(Records from a collection)
++++++++++++++++++++
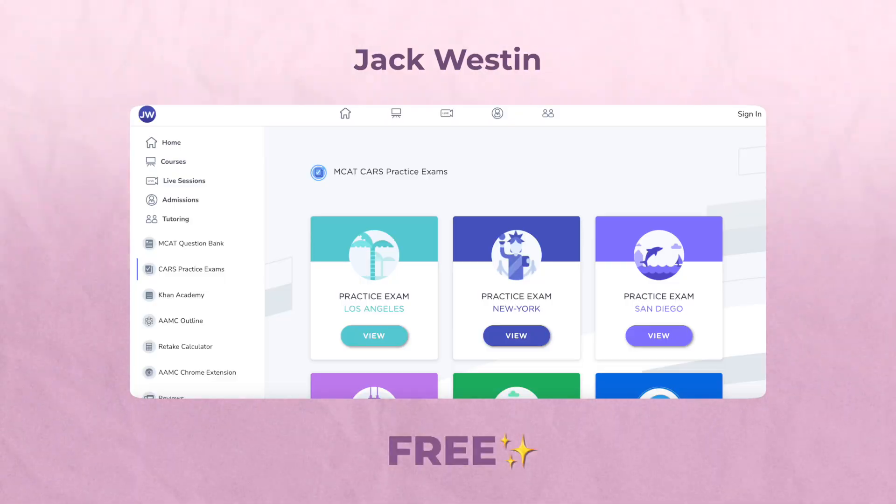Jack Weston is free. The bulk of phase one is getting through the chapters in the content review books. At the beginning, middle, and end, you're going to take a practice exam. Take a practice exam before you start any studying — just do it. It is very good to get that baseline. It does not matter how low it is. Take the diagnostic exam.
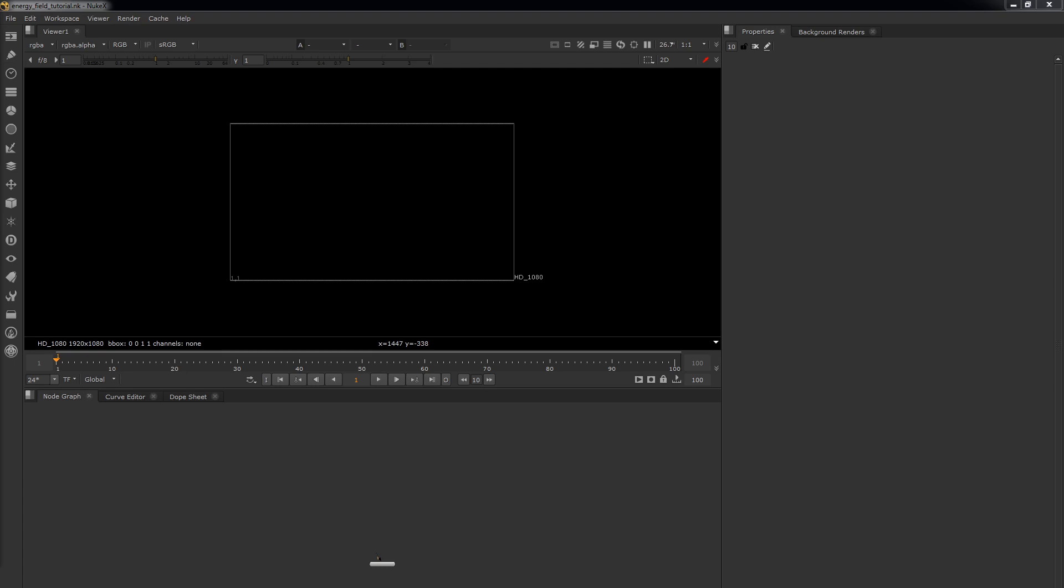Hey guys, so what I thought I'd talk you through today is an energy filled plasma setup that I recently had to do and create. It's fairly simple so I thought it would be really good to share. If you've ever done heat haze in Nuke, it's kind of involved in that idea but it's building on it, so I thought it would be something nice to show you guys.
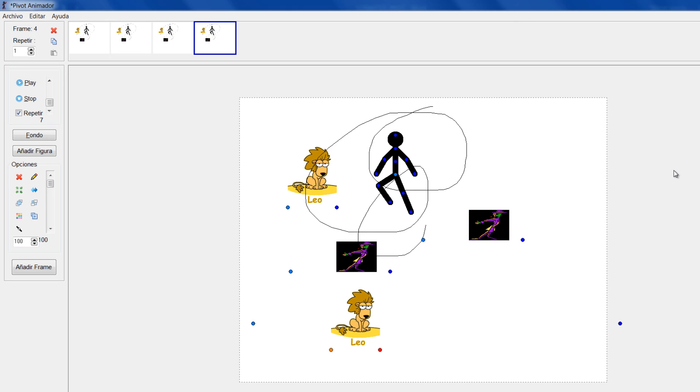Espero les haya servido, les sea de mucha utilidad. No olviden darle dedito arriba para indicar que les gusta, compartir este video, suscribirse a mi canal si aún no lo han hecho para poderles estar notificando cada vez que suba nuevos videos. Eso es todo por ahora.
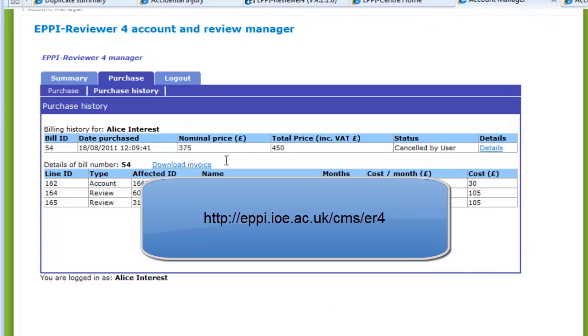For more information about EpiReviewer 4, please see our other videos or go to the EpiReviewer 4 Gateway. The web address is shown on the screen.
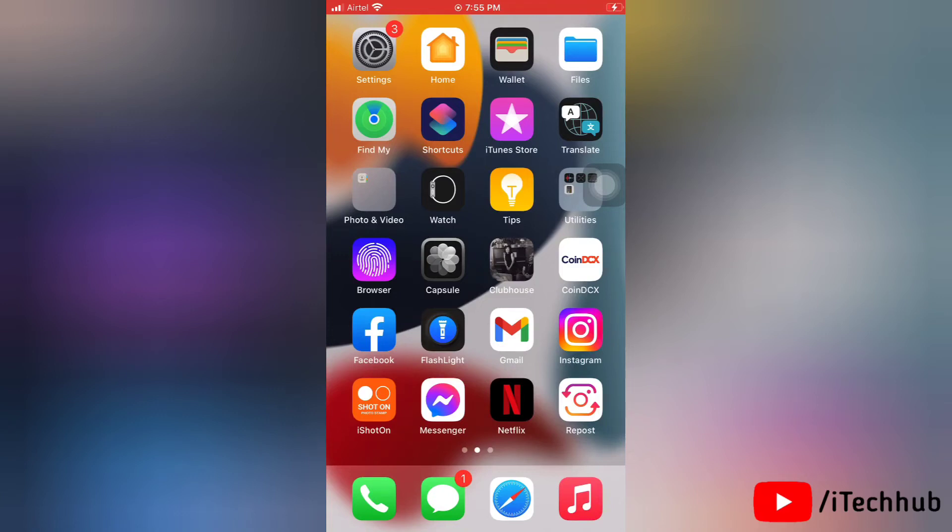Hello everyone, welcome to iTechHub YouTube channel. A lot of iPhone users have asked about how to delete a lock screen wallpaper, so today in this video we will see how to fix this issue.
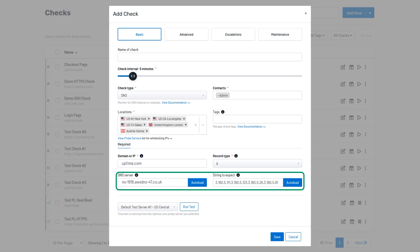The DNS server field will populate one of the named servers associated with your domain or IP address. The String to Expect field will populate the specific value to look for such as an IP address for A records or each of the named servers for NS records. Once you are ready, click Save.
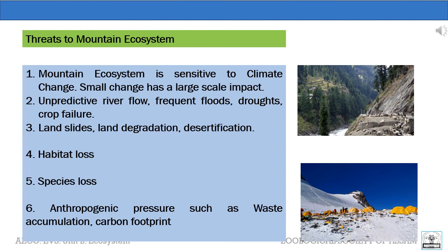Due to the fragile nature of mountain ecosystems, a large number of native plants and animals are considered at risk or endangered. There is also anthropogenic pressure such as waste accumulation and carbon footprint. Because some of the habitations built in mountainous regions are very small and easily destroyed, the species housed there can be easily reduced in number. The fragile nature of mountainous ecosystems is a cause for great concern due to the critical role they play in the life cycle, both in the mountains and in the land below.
++++++++++++++++++++
**EXERCISE DETAILS:** Omit the images and transcribe all of the records above word for word.

**RESULT:**
Jack Weston is free. The bulk of phase one is getting through the chapters in the content review books. At the beginning, middle, and end, you're going to take a practice exam. Take a practice exam before you start any studying — just do it. It is very good to get that baseline. It does not matter how low it is. Take the diagnostic exam.
Hey guys, so what I thought I'd talk you through today is an energy filled plasma setup that I recently had to do and create. It's fairly simple so I thought it would be really good to share. If you've ever done heat haze in Nuke, it's kind of involved in that idea but it's building on it, so I thought it would be something nice to show you guys.
Espero les haya servido, les sea de mucha utilidad. No olviden darle dedito arriba para indicar que les gusta, compartir este video, suscribirse a mi canal si aún no lo han hecho para poderles estar notificando cada vez que suba nuevos videos. Eso es todo por ahora.
For more information about EpiReviewer 4, please see our other videos or go to the EpiReviewer 4 Gateway. The web address is shown on the screen.
Hello everyone, welcome to iTechHub YouTube channel. A lot of iPhone users have asked about how to delete a lock screen wallpaper, so today in this video we will see how to fix this issue.
The DNS server field will populate one of the named servers associated with your domain or IP address. The String to Expect field will populate the specific value to look for such as an IP address for A records or each of the named servers for NS records. Once you are ready, click Save.
Due to the fragile nature of mountain ecosystems, a large number of native plants and animals are considered at risk or endangered. There is also anthropogenic pressure such as waste accumulation and carbon footprint. Because some of the habitations built in mountainous regions are very small and easily destroyed, the species housed there can be easily reduced in number. The fragile nature of mountainous ecosystems is a cause for great concern due to the critical role they play in the life cycle, both in the mountains and in the land below.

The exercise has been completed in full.